▸ EXERCISE DESCRIPTION:
Below are some records; quote exactly the lines from the one that contains "Maureen Pom Hat" through the one that contains "Ark Naturals® Royal", inclusive, and no others.

(Dataset entries)
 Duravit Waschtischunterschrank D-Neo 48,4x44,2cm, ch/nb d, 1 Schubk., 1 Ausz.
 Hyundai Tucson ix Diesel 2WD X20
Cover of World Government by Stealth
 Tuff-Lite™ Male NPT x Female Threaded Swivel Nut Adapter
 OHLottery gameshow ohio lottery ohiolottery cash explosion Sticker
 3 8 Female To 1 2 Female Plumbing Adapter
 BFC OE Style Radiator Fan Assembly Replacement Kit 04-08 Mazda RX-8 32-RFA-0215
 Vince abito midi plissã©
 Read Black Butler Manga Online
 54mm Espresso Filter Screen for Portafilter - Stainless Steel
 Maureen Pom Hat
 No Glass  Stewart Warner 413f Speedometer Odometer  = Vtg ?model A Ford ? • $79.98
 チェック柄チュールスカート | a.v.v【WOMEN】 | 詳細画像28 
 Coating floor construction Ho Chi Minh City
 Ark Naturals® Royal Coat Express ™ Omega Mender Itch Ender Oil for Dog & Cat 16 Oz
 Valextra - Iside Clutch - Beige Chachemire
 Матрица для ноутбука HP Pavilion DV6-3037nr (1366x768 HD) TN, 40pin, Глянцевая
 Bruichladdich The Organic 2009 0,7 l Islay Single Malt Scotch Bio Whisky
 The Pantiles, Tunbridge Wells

▸ ANSWER TO THE EXERCISE:
 Maureen Pom Hat
 No Glass  Stewart Warner 413f Speedometer Odometer  = Vtg ?model A Ford ? • $79.98
 チェック柄チュールスカート | a.v.v【WOMEN】 | 詳細画像28 
 Coating floor construction Ho Chi Minh City
 Ark Naturals® Royal Coat Express ™ Omega Mender Itch Ender Oil for Dog & Cat 16 Oz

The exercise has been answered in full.